PROBLEM TO SOLVE: Write out each record below exactly, but not the pictures.

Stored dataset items

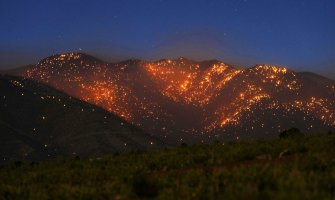 Veliki požar u Arizoni izazvao kamper koji je bacao zapaljene rolne toalet papira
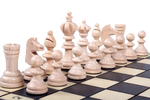 pièces d'échecs blanches sur échiquier
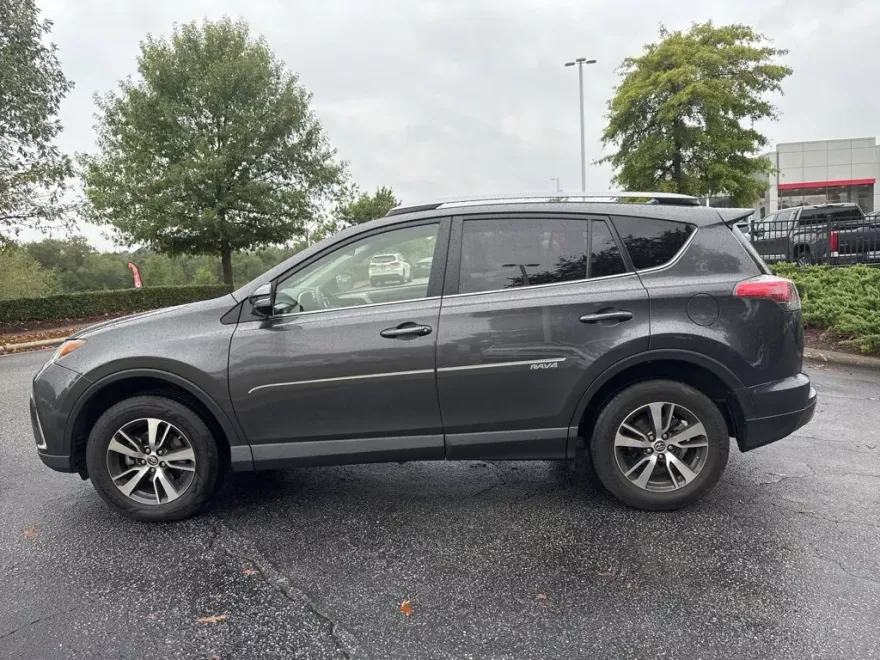2017 Toyota RAV4 XLE photo 1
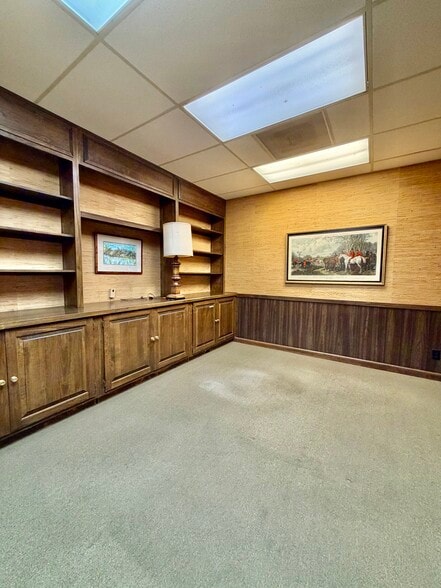 More Photos Of 906 Sixth Ave, Picayune Office For Sale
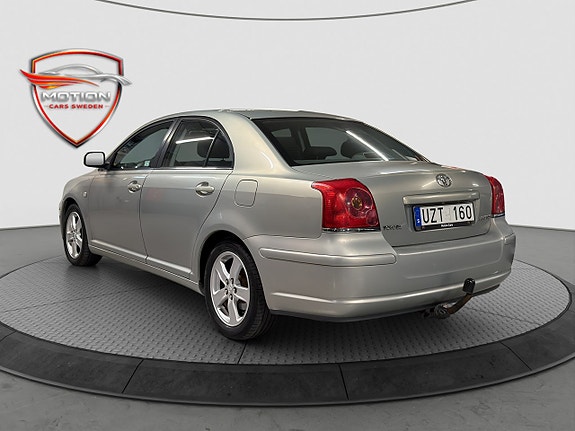 Toyota Avensis 7 of 19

SOLUTION TO THE EXERCISE:
 Veliki požar u Arizoni izazvao kamper koji je bacao zapaljene rolne toalet papira
 pièces d'échecs blanches sur échiquier
2017 Toyota RAV4 XLE photo 1
 More Photos Of 906 Sixth Ave, Picayune Office For Sale
 Toyota Avensis 7 of 19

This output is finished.